**What to produce**: Verbatim output of the lines below is required, with the images omitted.

**Data**:
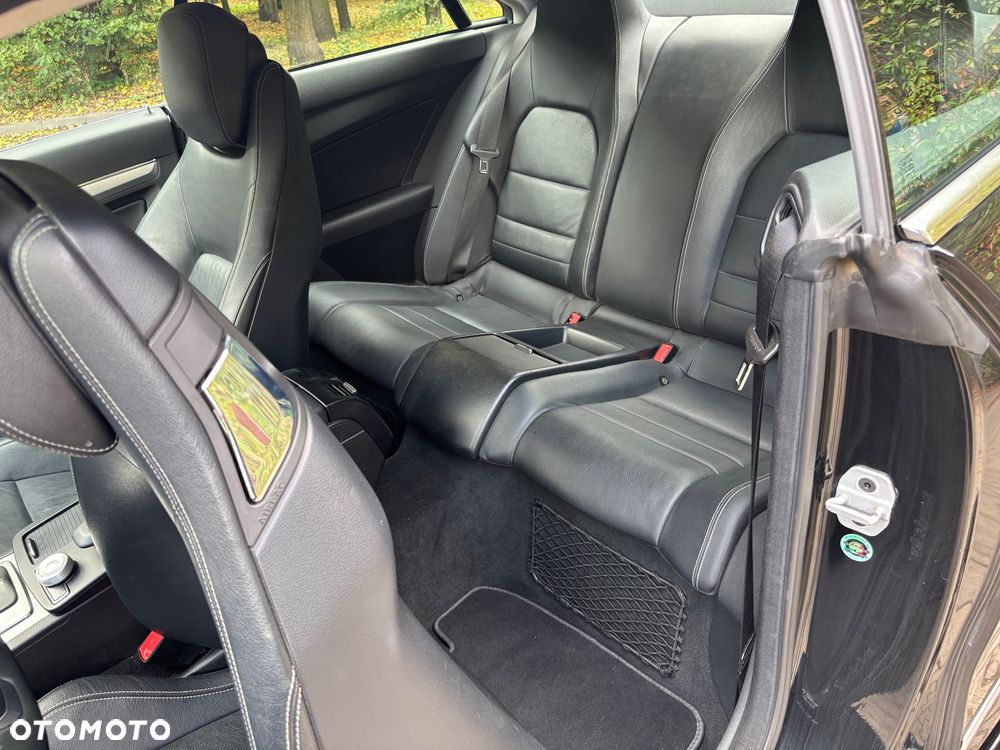 Mercedes-Benz Klasa E 350 CDI DPF Coupe BlueEFFICIENCY 7G-TRONIC Elegance - 26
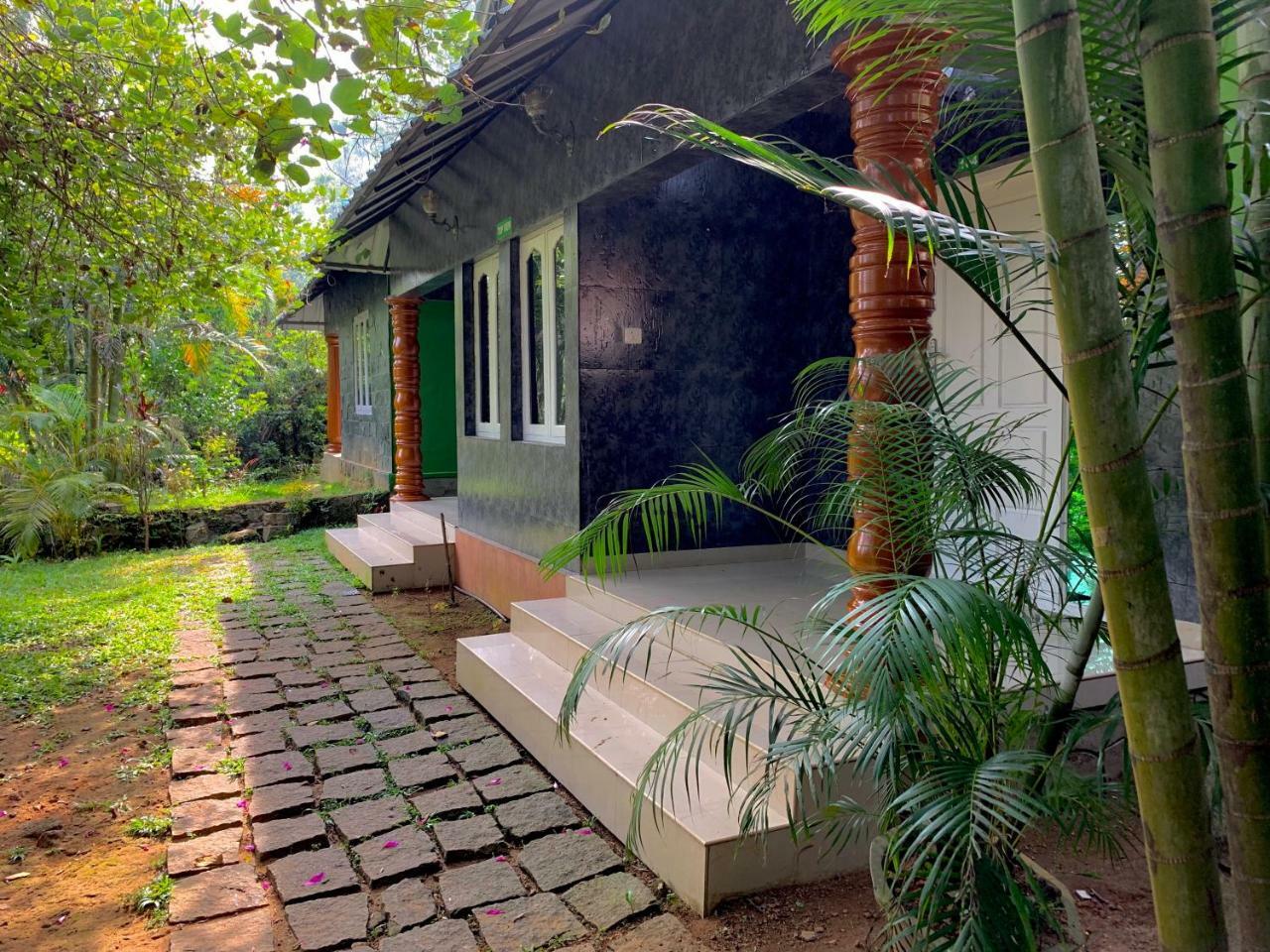 Resort Wyte Mist Mountain Club Munnar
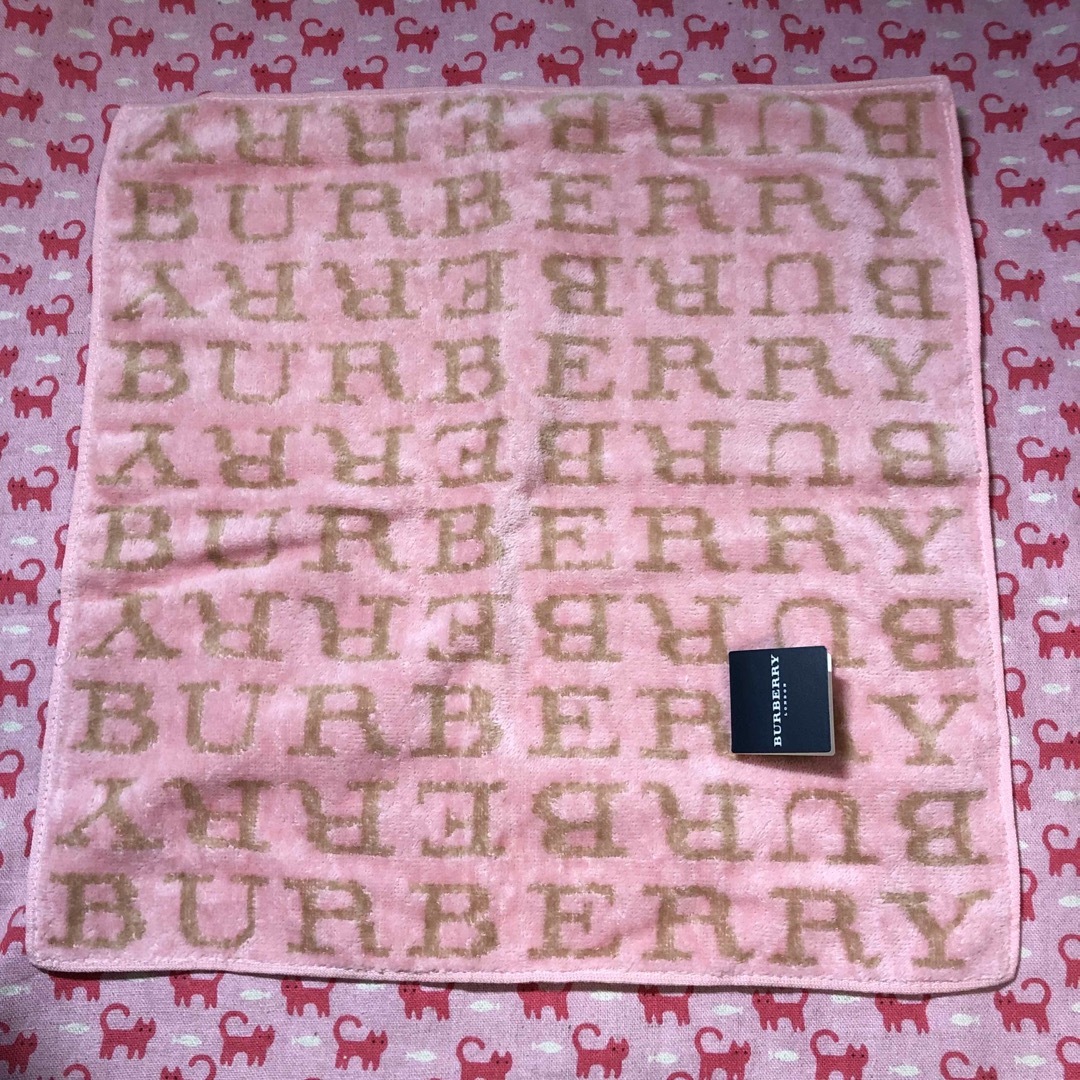 BURBERRY(バーバリー)の⭐️Burberry  バーバリー　タオルハンカチ　新品未使用⭐️ レディースのファッション小物(ハンカチ)の商品写真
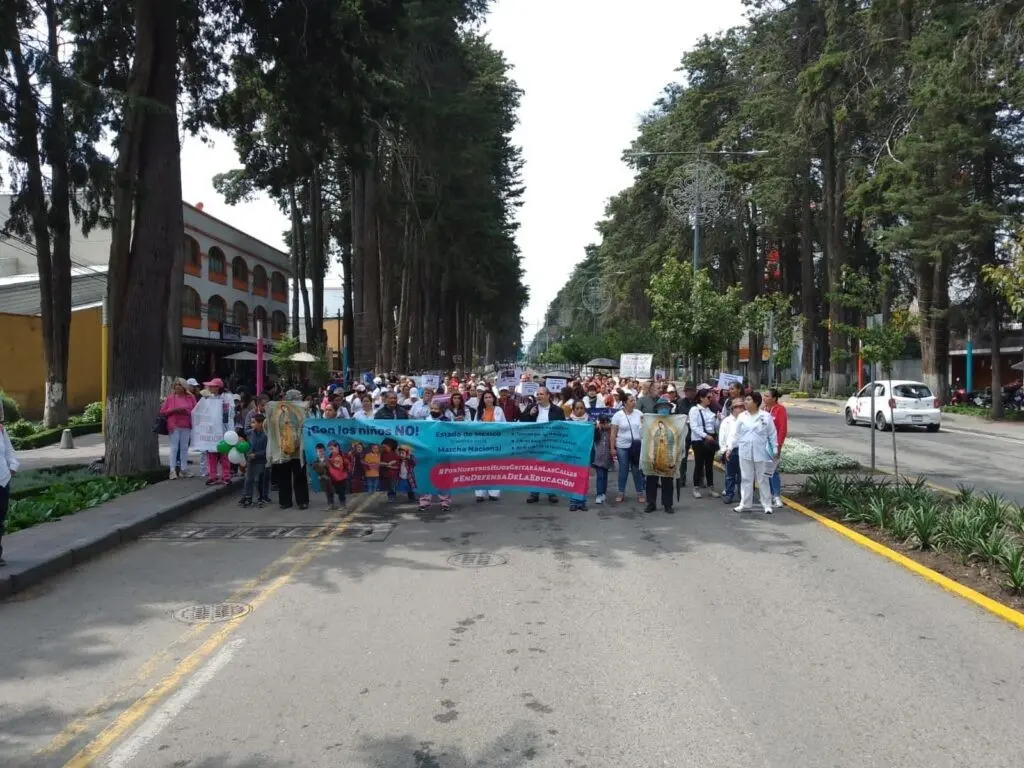 En Toluca, padres de familia salieron a las calles y protestaron contra la entrga de libros de texto gratuito, como parte del movimiento nacional. Foto: Cortesía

**Task answer**:
 Mercedes-Benz Klasa E 350 CDI DPF Coupe BlueEFFICIENCY 7G-TRONIC Elegance - 26
 Resort Wyte Mist Mountain Club Munnar
 BURBERRY(バーバリー)の⭐️Burberry  バーバリー　タオルハンカチ　新品未使用⭐️ レディースのファッション小物(ハンカチ)の商品写真
 En Toluca, padres de familia salieron a las calles y protestaron contra la entrga de libros de texto gratuito, como parte del movimiento nacional. Foto: Cortesía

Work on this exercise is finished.